▶ [Exercise prompt]:
Every line below from the one containing "3D skull with" through the one containing "Lululemon Olive Green" must be transcribed exactly. Omit all lines outside that stretch.
· · ·
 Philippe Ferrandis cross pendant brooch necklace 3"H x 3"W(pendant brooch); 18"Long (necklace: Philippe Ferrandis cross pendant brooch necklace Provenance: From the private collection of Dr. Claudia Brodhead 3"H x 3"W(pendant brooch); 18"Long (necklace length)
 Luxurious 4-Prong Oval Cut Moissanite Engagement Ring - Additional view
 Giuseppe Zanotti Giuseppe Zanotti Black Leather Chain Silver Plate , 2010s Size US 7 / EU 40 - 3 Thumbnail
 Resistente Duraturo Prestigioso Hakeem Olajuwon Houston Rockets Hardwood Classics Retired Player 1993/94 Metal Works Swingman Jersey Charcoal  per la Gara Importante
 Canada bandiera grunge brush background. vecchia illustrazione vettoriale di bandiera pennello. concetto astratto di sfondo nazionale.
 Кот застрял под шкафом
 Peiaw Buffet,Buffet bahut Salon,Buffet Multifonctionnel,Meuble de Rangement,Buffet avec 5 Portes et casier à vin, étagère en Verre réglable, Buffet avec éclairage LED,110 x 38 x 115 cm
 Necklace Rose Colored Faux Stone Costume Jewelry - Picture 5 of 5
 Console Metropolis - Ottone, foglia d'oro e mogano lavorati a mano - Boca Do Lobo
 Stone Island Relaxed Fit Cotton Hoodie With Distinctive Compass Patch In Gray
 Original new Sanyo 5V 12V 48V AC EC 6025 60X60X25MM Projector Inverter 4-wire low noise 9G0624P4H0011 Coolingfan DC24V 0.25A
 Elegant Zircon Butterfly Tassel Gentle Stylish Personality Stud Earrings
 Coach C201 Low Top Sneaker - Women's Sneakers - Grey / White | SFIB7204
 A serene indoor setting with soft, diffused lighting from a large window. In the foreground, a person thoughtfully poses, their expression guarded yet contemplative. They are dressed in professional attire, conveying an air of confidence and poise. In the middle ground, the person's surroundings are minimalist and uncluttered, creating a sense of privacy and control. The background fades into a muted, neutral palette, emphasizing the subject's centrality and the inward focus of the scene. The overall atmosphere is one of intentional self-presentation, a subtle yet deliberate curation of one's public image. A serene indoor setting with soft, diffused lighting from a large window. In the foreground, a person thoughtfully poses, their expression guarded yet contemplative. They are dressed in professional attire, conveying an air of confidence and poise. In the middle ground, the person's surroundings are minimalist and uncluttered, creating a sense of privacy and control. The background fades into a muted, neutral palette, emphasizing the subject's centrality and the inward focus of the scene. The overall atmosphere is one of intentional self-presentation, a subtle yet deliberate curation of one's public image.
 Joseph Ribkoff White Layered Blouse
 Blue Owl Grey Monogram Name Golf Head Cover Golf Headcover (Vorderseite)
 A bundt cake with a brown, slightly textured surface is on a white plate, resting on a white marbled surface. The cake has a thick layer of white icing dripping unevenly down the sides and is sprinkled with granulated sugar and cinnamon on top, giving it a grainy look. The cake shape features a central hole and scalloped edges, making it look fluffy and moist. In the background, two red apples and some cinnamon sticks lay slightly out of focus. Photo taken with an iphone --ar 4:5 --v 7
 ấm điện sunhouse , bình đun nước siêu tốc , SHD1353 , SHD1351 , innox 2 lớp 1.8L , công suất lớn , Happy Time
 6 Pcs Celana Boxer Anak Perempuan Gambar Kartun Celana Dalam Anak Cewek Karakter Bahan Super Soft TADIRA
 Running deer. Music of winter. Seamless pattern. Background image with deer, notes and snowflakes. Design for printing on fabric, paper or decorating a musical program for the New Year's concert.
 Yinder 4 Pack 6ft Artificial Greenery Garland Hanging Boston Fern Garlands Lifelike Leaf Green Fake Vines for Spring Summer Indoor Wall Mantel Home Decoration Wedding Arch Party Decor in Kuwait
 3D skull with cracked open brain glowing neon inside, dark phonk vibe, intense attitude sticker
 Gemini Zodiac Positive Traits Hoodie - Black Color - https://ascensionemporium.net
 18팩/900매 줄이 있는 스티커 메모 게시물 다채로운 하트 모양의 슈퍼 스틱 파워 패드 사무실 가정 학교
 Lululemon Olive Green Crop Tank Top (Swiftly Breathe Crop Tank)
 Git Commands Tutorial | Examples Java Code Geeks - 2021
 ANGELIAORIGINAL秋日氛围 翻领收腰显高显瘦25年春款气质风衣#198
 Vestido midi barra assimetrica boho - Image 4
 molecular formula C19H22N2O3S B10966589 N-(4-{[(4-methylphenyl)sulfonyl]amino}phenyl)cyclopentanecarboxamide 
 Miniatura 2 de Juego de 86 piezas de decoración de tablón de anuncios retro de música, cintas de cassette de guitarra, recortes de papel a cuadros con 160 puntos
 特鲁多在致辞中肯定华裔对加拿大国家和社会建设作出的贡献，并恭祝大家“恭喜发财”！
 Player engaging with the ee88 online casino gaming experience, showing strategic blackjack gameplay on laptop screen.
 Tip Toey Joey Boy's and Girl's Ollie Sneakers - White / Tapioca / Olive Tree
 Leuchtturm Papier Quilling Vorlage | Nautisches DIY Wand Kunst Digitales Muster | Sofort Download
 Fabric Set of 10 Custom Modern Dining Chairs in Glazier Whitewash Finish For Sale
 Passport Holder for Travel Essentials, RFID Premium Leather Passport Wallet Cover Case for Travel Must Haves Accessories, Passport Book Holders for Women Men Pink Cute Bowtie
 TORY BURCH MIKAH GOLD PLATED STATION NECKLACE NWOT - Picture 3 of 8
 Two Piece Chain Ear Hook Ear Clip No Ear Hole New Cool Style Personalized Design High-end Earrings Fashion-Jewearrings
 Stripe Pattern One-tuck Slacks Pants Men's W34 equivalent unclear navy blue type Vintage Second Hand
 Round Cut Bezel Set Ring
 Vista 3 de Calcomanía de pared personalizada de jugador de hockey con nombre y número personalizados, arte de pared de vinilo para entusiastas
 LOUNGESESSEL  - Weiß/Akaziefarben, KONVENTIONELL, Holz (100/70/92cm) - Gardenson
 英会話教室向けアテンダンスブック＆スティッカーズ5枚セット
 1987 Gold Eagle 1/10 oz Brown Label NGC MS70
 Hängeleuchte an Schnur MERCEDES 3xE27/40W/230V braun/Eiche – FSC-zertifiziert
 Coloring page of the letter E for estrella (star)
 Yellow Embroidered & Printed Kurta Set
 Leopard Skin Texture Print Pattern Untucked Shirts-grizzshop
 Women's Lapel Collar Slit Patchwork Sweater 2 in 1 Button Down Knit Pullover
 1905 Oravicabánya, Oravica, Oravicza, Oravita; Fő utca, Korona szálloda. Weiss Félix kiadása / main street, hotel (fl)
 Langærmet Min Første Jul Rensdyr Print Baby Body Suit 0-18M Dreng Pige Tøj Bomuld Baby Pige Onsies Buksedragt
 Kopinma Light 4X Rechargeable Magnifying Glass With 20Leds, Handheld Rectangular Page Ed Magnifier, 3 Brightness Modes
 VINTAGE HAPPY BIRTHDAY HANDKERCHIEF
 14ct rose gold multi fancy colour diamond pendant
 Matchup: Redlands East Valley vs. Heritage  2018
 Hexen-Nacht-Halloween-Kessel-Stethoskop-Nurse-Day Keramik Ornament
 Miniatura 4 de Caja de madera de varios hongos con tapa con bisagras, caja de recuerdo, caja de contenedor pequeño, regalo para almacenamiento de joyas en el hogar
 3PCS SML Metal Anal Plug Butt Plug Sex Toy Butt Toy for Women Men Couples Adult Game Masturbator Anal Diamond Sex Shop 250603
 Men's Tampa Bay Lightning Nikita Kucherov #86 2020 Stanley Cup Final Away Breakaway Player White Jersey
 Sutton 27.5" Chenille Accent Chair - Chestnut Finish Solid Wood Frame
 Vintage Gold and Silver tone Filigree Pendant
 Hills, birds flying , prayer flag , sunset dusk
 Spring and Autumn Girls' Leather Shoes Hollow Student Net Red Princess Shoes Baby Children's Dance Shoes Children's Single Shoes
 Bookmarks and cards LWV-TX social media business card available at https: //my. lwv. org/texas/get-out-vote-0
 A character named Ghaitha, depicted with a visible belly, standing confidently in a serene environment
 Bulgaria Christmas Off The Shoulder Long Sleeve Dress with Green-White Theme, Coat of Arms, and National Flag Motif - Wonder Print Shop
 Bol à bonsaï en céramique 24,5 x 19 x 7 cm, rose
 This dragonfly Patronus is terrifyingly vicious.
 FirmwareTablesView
· · ·
▶ [Answer for the task]:
 3D skull with cracked open brain glowing neon inside, dark phonk vibe, intense attitude sticker
 Gemini Zodiac Positive Traits Hoodie - Black Color - https://ascensionemporium.net
 18팩/900매 줄이 있는 스티커 메모 게시물 다채로운 하트 모양의 슈퍼 스틱 파워 패드 사무실 가정 학교
 Lululemon Olive Green Crop Tank Top (Swiftly Breathe Crop Tank)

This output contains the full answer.